* _Provided entries_:
---+---

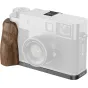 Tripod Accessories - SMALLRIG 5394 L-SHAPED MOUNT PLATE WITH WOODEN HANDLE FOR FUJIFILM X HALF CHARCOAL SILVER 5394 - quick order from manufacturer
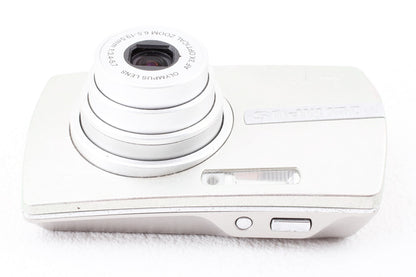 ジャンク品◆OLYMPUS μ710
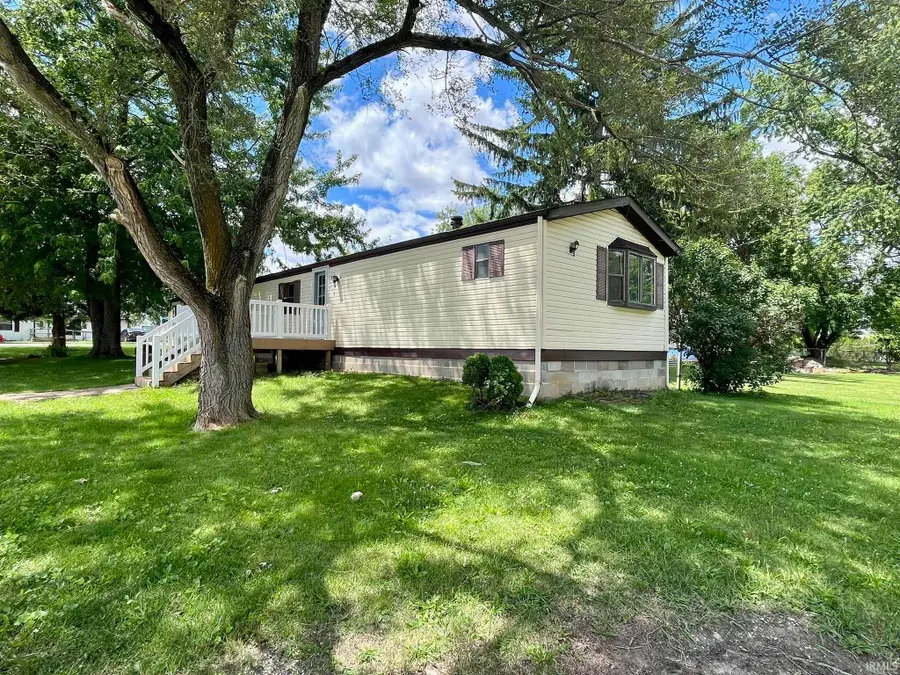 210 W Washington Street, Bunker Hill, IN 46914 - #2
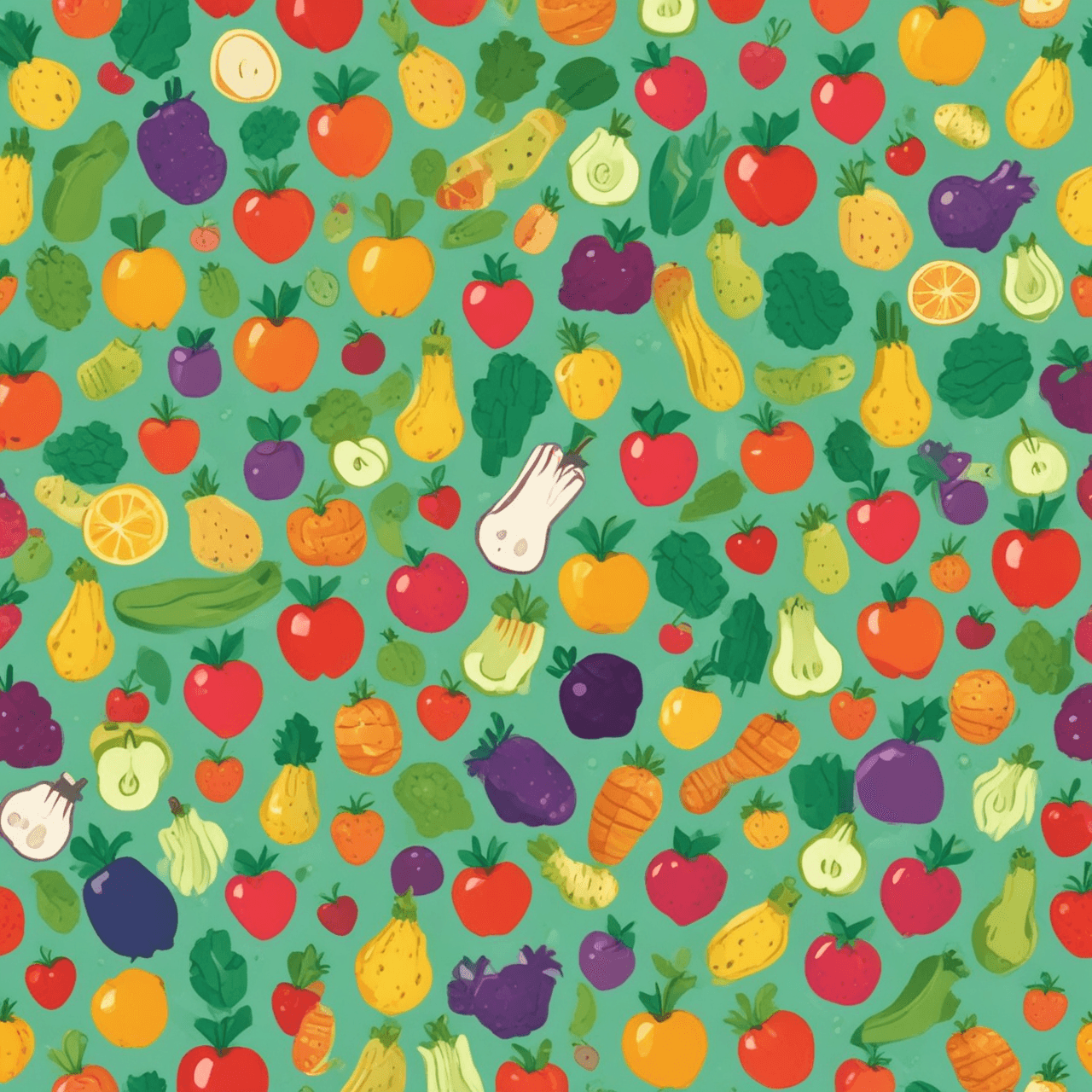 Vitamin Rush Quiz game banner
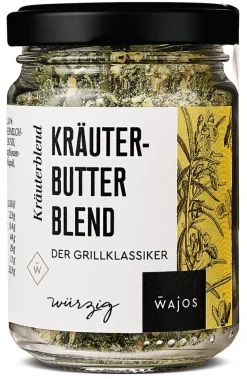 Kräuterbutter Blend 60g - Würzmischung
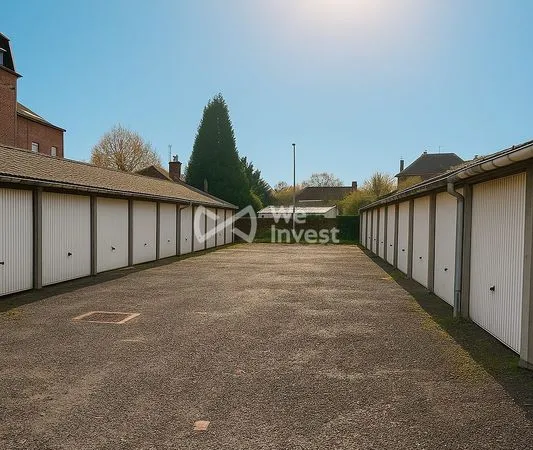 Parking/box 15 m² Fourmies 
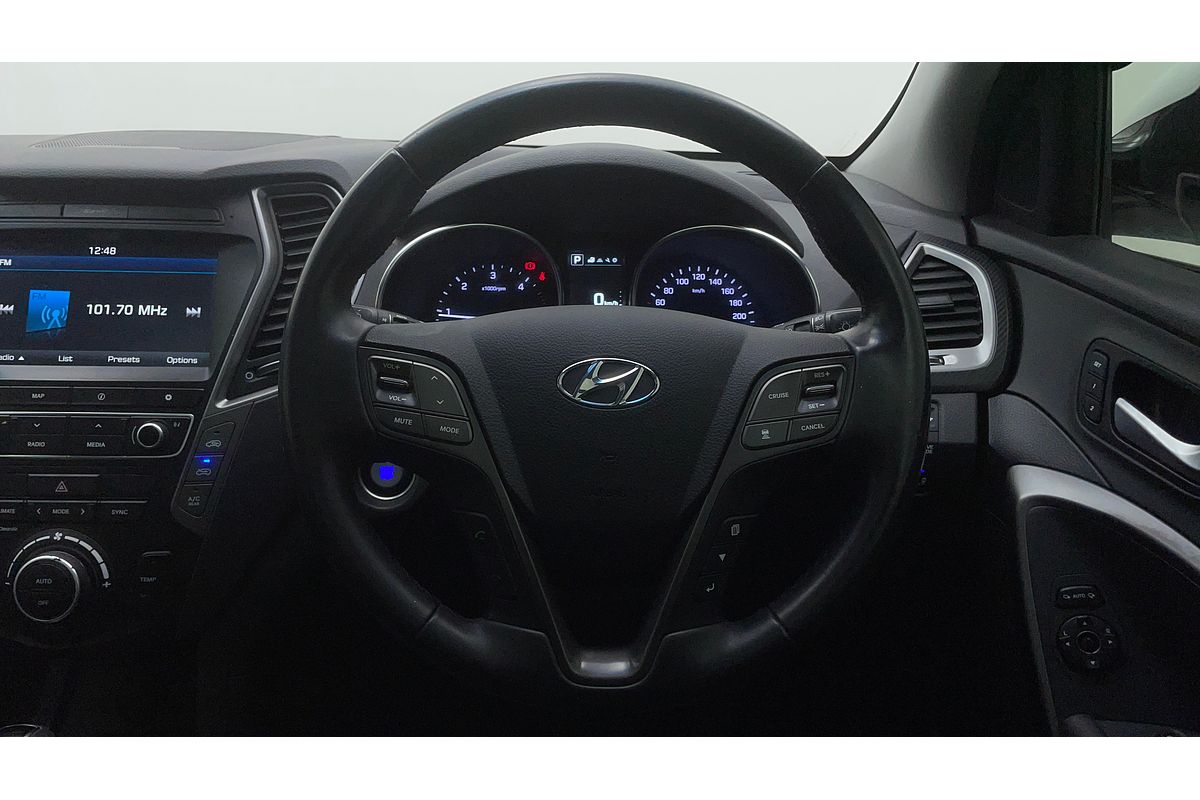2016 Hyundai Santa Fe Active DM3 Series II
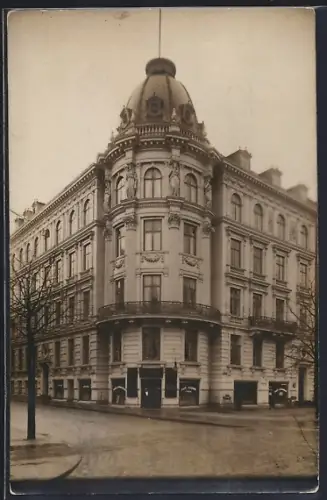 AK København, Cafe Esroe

---+---

* _Your task_:
In the copy, include every line of the records exactly and none of the images.

* _Task output_:
 Tripod Accessories - SMALLRIG 5394 L-SHAPED MOUNT PLATE WITH WOODEN HANDLE FOR FUJIFILM X HALF CHARCOAL SILVER 5394 - quick order from manufacturer
 ジャンク品◆OLYMPUS μ710
 210 W Washington Street, Bunker Hill, IN 46914 - #2
 Vitamin Rush Quiz game banner
 Kräuterbutter Blend 60g - Würzmischung
 Parking/box 15 m² Fourmies 
2016 Hyundai Santa Fe Active DM3 Series II
 AK København, Cafe Esroe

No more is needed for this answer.